* To do
Gather each line containing the string "Building" from these entries.

* Records shown

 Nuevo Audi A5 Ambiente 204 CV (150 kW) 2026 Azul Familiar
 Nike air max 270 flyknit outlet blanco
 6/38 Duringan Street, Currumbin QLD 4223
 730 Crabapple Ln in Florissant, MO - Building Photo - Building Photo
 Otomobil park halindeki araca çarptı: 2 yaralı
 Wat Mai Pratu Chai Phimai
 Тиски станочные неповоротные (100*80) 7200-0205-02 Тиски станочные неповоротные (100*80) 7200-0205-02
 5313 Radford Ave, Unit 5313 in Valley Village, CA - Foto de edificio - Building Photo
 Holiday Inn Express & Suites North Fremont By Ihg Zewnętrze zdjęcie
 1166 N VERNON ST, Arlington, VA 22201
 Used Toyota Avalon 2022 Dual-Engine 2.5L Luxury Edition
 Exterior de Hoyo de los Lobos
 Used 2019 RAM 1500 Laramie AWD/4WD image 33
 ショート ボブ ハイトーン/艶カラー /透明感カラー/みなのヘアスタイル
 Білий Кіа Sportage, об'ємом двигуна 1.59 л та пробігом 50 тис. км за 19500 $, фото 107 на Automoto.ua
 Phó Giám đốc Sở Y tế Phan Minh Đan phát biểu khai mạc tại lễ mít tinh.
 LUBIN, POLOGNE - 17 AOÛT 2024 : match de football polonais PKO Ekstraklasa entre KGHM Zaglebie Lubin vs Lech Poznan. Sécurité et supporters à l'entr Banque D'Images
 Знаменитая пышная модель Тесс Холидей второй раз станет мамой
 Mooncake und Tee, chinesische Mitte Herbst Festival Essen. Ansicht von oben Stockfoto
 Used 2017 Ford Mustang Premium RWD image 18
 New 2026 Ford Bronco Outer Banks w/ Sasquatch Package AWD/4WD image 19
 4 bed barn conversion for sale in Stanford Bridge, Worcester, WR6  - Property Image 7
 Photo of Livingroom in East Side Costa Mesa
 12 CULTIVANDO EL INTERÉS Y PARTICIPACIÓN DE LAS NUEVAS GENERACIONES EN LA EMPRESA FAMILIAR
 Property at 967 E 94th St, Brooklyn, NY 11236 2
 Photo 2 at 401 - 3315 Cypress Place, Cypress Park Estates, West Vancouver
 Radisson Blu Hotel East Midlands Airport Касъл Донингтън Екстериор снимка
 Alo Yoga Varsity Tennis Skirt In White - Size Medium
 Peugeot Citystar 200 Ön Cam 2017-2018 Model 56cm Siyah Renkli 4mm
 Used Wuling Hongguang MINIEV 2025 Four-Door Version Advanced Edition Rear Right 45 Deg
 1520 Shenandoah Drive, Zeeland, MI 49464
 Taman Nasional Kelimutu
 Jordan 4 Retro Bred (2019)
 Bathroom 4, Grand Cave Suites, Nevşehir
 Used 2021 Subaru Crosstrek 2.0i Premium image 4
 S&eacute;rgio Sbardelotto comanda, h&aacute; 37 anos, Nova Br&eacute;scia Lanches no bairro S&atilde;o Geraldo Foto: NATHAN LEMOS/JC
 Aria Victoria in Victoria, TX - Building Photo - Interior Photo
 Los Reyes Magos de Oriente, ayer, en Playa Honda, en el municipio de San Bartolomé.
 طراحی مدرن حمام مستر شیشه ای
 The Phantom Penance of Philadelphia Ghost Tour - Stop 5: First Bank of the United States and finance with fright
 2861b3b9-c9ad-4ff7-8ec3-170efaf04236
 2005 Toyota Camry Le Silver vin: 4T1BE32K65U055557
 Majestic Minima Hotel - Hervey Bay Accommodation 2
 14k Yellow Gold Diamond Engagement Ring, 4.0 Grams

* Solution to this exercise
 730 Crabapple Ln in Florissant, MO - Building Photo - Building Photo
 5313 Radford Ave, Unit 5313 in Valley Village, CA - Foto de edificio - Building Photo
 Aria Victoria in Victoria, TX - Building Photo - Interior Photo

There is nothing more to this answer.